Even if you technically don't need a board, there are plenty of good reasons to have one.

Everybody Needs a Boss

We are all accountable to others for our work in one way or another. Unless you're the rare startup CEO who owns 100 percent of their own company and doesn't grant employees any options, you have other shareholders. Creating a board of directors is a good reminder that you have a boss—and that you have to play by the rules and maximize value for all shareholders. Accountability is crucial. Think about it this way: no matter how much you loved your favorite class in college, how many papers would you have written if your professor hadn't assigned them and given them due dates?

The Board as Forcing Function

A board can help you run your organization by creating a cadence of regular, recurring deadlines. Unless you're in a business that has significant external deadlines imposed on it by partners or customers, it can be difficult to pick deadlines for projects, drive your team hard to meet those deadlines and keep those deadlines from slipping. Your team knows that many deadlines are arbitrary. By making a commitment to your board that something will be done by a certain date, you raise the bar and remove much of the arbitrariness from the decision.

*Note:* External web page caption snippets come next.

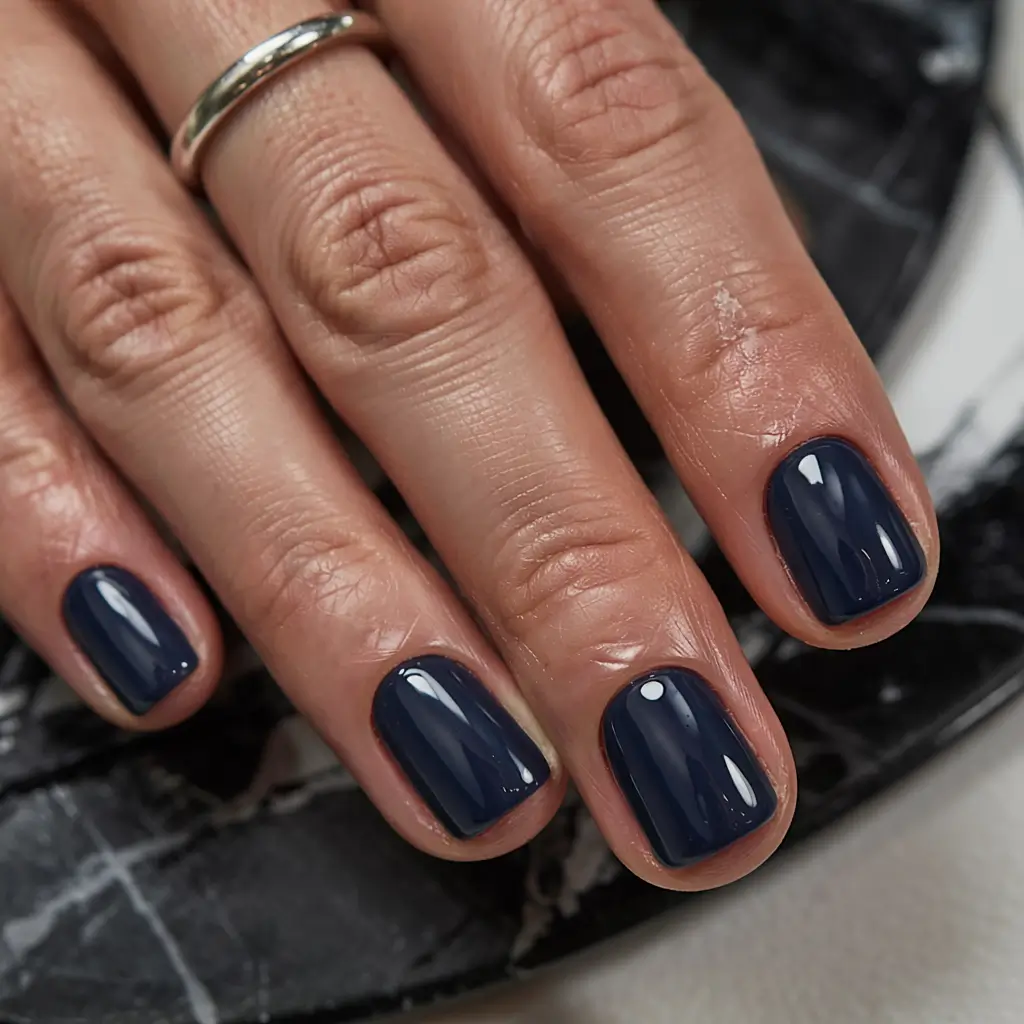 Short squoval nails in a deep glossy midnight-navy crème; real photography.
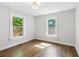 Bright bedroom with hardwood floors and ample natural light streaming through the windows at 308 Mcpherson Se Pl, Atlanta, GA 30316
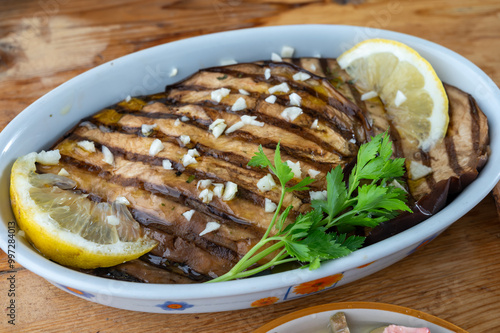 Italian style starter served in restaurant, grilled eggplant with garlic, olive oil and fresh parsley photo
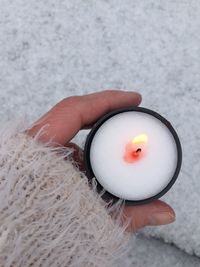 Cropped hand of woman holding lit tea light during winter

You can also use the board as a forcing function for quality. Sure, a CEO of a small company can read someone's scribbled bullet points or a half-baked spreadsheet. However, if you are presenting the same information to your board, you will polish it up, which will force you to think through what you are presenting.

Pattern Matching

Good board members are really strong at pattern matching: seeing a chain of events or metrics about your business, matching it to one or more comparable situations they have seen in the past, then providing advice, context, history, or a connection to another CEO. I've found this to be true in terms of both strategic issues and operational ones. As Mark Twain once said, “History does not repeat itself but it does rhyme.”

Forests, Trees

A good board will help you see the forest for the proverbial trees. You're close to your business and in the weeds of the day-to-day. Your board isn't. As a result, board members can sometimes point out things that you completely miss when looking at your operating results, your staff or your own performance. They may be obvious in hindsight but someone has to give you that rearview mirror.

Honest Discussion and Debate

Finally, provoking, listening to and participating in the discussion and debate at a productive board meeting can be one of the most valuable things you do in a given quarter. Sometimes even great and fearless executive teams are wary of disagreeing with a strong CEO. A great board isn't. A healthy board discussion will push and challenge you and your team's assumptions. More than that, individual board members should push and challenge each other.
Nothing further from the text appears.